I say just shoot what you want, as long as it's legal per the sanctioning body's regulations.

I've been shooting with FOBs on my shafts for the last year or so. I've had them broken on 2 occasions, ringed more times than I can count (3 times last weekend alone...by Fat Boys) & hit several more times. The way I see it, if I put it in the 12 ring, it's fair game...just like any other shaft. That's all part of the sport. 

As far as "blocking" a scoring ring? I've never seen it deflect a shaft, but I know at least a half dozen instances where ringing my FOB sucked a 10 ring bound arrow into the 12 ring...right next to my shaft that was barely inside the higher ring. One could look at the mark left on the FOB (a nick or a chip in the ring) & easily see that, HAD THE FOB NOT BEEN PRESENT, the arrow would have impacted the 10 ring. From my observations, FOBs impacted on the exterior of the ring either flex inwards & fracture, or separate from the shaft along with the nock, while off-centered nock impacts & impacts to the inner edge of the ring tend to draw the impacting arrow in along side the FOBed shaft.

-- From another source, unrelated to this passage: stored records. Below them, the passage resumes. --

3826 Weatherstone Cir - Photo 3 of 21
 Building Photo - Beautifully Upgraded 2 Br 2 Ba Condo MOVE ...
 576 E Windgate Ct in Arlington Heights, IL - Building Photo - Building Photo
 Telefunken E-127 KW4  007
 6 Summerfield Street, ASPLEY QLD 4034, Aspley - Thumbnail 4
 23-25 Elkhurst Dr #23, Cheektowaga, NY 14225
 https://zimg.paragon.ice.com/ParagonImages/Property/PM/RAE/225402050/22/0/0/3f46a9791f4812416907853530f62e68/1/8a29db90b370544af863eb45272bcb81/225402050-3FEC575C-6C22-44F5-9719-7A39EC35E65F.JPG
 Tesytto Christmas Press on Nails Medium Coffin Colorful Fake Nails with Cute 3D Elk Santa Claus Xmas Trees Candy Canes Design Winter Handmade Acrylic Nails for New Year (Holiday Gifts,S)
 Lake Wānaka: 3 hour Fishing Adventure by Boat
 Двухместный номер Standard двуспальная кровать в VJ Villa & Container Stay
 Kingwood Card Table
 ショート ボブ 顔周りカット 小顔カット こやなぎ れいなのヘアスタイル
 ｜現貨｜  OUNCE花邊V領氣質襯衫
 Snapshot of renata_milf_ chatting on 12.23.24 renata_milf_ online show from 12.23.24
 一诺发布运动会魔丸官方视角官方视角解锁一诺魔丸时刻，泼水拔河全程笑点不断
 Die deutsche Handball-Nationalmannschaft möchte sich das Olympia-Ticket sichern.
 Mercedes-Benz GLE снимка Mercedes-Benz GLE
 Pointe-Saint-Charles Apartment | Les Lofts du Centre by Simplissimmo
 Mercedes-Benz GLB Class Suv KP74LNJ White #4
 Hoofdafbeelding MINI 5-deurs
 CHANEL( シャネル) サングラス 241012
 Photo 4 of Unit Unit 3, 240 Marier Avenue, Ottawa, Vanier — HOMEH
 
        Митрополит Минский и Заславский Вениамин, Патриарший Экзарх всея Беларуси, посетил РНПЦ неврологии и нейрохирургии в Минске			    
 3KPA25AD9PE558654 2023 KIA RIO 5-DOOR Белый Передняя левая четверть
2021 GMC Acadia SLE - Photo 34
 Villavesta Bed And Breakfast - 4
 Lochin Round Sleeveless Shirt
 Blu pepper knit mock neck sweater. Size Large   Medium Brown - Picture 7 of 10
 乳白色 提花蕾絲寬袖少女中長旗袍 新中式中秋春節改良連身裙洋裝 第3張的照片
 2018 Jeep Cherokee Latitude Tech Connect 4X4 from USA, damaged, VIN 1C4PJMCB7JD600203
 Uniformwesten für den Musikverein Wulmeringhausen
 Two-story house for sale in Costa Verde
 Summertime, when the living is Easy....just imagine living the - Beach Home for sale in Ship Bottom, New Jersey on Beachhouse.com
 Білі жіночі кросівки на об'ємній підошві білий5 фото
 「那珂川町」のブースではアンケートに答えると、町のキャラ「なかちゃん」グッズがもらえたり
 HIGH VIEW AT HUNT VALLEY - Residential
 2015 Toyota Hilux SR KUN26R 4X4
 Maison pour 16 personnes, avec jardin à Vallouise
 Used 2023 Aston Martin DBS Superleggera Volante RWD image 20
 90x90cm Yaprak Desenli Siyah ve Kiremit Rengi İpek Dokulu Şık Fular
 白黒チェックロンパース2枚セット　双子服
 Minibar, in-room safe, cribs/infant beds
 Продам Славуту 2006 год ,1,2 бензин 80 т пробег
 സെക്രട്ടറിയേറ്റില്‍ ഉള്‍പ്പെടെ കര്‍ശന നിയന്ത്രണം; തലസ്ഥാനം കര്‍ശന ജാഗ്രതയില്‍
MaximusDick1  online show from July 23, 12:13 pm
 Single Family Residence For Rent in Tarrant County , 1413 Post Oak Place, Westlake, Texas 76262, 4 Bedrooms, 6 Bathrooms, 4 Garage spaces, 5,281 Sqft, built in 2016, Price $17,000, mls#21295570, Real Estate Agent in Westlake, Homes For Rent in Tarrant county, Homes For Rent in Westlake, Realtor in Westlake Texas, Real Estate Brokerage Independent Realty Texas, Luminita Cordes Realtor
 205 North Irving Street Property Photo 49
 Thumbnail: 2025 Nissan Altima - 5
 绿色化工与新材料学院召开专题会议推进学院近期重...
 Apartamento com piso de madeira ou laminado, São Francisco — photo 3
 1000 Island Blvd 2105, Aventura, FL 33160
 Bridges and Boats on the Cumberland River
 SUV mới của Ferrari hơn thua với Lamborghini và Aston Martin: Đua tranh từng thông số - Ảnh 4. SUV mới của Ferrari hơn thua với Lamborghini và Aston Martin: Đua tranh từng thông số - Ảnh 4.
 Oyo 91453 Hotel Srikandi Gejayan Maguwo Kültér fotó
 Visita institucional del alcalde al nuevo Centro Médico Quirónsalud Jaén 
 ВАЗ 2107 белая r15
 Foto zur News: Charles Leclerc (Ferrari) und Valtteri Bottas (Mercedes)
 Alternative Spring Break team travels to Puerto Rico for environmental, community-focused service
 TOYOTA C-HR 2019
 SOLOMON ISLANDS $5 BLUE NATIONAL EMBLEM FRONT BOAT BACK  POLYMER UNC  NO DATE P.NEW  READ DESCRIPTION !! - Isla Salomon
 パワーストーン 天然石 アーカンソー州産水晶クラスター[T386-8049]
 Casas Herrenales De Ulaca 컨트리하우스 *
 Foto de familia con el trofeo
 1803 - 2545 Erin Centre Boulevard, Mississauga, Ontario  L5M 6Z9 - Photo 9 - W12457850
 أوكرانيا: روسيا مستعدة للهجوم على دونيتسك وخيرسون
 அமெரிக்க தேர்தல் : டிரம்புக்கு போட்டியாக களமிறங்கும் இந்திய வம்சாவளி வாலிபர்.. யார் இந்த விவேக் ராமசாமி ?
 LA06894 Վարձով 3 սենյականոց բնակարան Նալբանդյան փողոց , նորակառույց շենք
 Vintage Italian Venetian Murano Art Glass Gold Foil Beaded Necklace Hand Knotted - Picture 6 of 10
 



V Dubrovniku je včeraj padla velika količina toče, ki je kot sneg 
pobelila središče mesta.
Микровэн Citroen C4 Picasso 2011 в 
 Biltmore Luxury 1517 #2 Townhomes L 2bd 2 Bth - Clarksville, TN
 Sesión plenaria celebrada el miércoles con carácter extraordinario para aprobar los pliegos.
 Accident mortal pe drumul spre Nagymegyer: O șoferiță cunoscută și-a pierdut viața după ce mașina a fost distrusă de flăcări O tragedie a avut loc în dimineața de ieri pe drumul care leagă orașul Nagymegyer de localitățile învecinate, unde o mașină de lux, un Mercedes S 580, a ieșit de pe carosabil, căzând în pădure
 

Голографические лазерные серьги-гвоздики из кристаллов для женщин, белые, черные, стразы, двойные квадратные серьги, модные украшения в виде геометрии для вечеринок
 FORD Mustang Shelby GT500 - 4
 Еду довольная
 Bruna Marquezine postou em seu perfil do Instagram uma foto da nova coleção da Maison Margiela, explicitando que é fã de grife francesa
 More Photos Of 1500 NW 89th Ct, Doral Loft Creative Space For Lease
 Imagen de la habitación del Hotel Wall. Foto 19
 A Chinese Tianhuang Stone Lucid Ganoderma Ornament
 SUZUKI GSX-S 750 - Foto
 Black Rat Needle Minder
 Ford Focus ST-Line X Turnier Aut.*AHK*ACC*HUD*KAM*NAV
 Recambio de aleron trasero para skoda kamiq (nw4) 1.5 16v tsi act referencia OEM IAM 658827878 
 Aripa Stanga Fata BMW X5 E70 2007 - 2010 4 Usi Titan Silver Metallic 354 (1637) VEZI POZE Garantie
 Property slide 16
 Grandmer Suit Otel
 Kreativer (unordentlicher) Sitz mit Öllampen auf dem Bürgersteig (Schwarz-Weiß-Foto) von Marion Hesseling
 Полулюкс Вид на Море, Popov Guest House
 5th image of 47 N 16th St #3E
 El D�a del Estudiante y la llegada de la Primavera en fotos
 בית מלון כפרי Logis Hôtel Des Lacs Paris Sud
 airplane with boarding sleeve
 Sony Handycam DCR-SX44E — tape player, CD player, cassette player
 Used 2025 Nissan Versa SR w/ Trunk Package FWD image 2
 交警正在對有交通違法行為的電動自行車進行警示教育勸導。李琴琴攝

I have cut &/or shaved the fletching off of a few shafts, but, by the same token, I've seen conventionally fletched arrows damage vanes & feathers via impact too.

To each his own. Stick together as archers & have fun!

Be Safe,

Nathan


----------



## Elwood Hoyt (Jun 18, 2010)

Not until the NFAA, ASA and IBO allow 63/64" dia shafts.


----------